Go a step further. Folks don’t want to criticize Jesus. They don’t put Him on the dock to point and yell and gripe about Him. They want to kill Him. They don’t want to see Him just dead. They want Him to stay dead. And He has a hard time doing that.

And He doesn’t stop. Jesus won’t shut up. Once He knows your listening, He gets louder and pointier and the light gets brighter. Oh, He is not your little brother who pokes you to get a rise. He is God and He loves so much He wants change!

Remember Eustace? Eustace was a dragon. Well, not just any dragon. He was really a boy, but he was made into a dragon because he was a nasty boy. He was not always a dragon, and he certainly did not remain one because of the lion.[ii]

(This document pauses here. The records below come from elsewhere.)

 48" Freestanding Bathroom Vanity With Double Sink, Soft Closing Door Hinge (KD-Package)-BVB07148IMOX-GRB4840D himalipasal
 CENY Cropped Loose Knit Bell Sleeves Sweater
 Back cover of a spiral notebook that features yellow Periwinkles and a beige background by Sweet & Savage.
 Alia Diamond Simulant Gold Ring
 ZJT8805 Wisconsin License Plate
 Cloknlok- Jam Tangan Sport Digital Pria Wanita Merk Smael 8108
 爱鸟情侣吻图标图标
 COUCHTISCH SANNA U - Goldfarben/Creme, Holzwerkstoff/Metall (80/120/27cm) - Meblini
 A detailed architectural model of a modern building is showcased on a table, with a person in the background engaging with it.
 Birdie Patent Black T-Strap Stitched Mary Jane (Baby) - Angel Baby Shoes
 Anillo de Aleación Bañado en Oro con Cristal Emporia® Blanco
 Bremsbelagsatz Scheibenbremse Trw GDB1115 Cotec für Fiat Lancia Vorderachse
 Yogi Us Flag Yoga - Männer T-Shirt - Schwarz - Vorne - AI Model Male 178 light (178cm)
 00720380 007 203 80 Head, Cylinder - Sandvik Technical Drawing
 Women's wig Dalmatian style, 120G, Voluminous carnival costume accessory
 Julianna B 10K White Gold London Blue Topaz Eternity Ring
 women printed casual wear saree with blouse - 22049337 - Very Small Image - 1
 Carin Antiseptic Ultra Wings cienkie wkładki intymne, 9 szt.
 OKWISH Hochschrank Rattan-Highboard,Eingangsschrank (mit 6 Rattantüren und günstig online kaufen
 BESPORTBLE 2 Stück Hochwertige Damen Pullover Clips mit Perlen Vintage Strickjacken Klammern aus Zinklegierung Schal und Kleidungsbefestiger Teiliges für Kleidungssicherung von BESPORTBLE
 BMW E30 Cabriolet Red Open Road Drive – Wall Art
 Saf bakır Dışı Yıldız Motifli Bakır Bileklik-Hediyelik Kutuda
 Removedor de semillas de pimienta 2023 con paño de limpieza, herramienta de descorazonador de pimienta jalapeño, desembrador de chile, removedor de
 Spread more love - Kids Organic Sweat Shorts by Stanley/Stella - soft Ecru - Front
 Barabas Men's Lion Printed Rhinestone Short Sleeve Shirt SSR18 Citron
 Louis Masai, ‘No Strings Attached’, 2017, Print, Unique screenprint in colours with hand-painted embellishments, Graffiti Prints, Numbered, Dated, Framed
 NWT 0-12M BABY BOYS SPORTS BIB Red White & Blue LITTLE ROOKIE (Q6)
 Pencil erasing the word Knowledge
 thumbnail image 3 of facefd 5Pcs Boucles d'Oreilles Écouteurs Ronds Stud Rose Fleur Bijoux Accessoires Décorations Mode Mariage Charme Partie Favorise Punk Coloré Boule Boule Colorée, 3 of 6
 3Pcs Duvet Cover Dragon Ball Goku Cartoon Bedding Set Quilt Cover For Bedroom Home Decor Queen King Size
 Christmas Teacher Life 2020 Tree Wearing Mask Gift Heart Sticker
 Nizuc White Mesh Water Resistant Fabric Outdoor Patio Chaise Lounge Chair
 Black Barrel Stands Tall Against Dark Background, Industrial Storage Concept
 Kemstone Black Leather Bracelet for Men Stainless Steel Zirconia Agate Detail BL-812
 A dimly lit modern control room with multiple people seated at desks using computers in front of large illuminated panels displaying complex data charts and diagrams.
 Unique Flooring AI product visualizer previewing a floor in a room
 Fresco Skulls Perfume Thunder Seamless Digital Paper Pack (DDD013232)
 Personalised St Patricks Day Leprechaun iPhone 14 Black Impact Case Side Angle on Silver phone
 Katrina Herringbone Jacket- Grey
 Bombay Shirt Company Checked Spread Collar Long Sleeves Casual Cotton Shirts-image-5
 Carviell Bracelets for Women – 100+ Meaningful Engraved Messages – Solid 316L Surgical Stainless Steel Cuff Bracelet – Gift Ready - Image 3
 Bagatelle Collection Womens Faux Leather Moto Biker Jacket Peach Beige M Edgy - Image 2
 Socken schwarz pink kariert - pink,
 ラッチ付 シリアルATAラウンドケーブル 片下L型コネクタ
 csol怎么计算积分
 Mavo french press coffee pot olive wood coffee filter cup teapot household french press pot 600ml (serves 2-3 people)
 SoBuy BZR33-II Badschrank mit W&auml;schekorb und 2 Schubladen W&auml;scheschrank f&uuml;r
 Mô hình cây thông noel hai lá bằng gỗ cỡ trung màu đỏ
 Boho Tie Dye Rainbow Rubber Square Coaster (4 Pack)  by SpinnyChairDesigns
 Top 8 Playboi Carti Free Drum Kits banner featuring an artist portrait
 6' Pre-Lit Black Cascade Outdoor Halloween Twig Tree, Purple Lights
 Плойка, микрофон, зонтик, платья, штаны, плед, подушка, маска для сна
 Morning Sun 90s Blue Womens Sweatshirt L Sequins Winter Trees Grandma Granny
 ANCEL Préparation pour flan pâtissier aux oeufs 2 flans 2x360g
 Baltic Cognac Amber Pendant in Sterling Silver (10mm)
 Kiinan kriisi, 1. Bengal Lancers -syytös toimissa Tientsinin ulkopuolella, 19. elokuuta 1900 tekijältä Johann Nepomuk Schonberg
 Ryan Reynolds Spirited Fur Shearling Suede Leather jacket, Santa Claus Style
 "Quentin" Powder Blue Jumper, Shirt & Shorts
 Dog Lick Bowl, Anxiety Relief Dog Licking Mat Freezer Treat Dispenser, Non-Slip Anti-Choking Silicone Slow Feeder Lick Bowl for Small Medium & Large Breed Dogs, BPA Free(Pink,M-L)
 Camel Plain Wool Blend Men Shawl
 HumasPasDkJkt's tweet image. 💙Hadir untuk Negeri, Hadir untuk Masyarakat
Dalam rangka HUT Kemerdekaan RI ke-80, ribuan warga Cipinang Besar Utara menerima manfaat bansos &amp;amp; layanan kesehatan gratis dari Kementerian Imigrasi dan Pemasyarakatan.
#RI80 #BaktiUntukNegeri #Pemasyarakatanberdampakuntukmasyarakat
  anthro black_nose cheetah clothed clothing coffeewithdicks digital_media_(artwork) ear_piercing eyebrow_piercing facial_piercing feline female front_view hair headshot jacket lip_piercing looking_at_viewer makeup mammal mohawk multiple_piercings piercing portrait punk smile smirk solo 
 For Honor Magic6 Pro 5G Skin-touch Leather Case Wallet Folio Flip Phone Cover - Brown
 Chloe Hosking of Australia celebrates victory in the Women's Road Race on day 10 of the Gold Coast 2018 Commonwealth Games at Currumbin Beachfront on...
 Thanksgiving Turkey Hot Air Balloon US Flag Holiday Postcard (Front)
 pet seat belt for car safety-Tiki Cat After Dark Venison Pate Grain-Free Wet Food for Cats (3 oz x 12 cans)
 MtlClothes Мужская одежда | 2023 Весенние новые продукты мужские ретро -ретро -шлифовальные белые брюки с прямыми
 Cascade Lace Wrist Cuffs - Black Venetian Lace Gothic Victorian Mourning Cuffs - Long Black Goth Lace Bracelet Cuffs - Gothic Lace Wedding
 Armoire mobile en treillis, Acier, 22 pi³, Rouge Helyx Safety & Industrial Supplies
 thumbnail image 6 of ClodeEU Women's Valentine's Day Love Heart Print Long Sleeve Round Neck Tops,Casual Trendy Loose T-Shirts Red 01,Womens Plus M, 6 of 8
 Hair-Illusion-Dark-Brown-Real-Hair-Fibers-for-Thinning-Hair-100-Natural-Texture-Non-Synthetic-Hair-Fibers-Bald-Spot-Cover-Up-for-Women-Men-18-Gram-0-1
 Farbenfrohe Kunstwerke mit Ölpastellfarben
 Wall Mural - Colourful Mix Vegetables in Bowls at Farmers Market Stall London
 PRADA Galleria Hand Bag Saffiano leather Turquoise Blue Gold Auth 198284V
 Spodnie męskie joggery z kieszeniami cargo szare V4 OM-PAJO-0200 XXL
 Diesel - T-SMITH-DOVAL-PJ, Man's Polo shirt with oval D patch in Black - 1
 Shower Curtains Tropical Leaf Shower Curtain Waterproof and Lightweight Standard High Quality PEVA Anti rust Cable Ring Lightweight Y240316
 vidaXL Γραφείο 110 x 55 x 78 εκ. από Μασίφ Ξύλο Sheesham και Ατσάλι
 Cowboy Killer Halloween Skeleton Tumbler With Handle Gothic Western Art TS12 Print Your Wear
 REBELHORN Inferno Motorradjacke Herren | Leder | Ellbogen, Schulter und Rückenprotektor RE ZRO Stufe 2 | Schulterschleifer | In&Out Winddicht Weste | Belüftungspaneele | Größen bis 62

Eustace told Edmund, “I was lying awake wondering what on earth would become of me. . .”

“Go on,” said Edmund, with considerable patience.

“Well, anyway, I looked up and saw the very last thing I expected: a huge lion coming slowly toward me. And one queer thing was that there was no moon last night, but there was moonlight where the lion was. So it came nearer and nearer. I was terribly afraid of it. You may think that, being a dragon, I could have knocked any lion out easily enough. But it wasn’t that kind of fear. I wasn’t afraid of it eating me, I was just afraid of it--if you can understand. Well, it came up close to me and looked straight into my eyes. And I shut my eyes tight. But that wasn’t any good because it told me to follow it.

“You mean it spoke?”

“I don’t know. Now that you mention it, I don’t think it did. But it told me all the same. And I knew I’d have to do what it told me, so I got up and followed it. And it led me a long way into the mountains. . . . So at last we came to the top of this mountain I’d never seen before and on the top of this mountain there was a garden . . . In the middle of it there was a well.

“I knew it was a well because you could see the water bubbling up from the bottom of it, but it was lot bigger than most wells—like a very big, round bath with marble steps going down into it. . . . the lion told me I must undress first.

“I was just going to say that I couldn’t undress because I didn’t have any clothes on when I suddenly thought that dragons are snaky sort of things and snakes can cast their skins. Oh, of course, though I, that’s what the lion means. So I started scratching myself and my scales began coming off all over the place. . . . my whole skin started peeling off beautifully, like it does after an illness, or as if I was a banana. . . .

“But as I was going to put my feet into the water I looked down and saw that they were all hard and rough and wrinkled and scaly just as they had been before. . . .

“Then the lion said . . . ‘You will have to let me undress you.’ I was afraid of his claws . . . but I just lay flat down on my back and let him do it.

“The very first tear he made was so deep that I thought it had gone right into my heart. And when he began pulling the skin off, it hurt worse than anything I’d ever felt. . . .

“And there was I as smooth and soft as a peeled switch and smaller than I had been. Then he caught hold of me . . . and threw me into the water. It smarted like anything but only for a moment. . . . after a bit the lion took me out and dressed me . . .”

Undragoned.

*********************************
[i] Rogers, Joyce. Love Worth Finding: The Life of Adrian Rogers and His Philosophy of Preaching. Nashville: Broadman, 2005.
[ii] Lewis, C.S. The Voyage of the Dawn Treader. New York: Harper, 1980.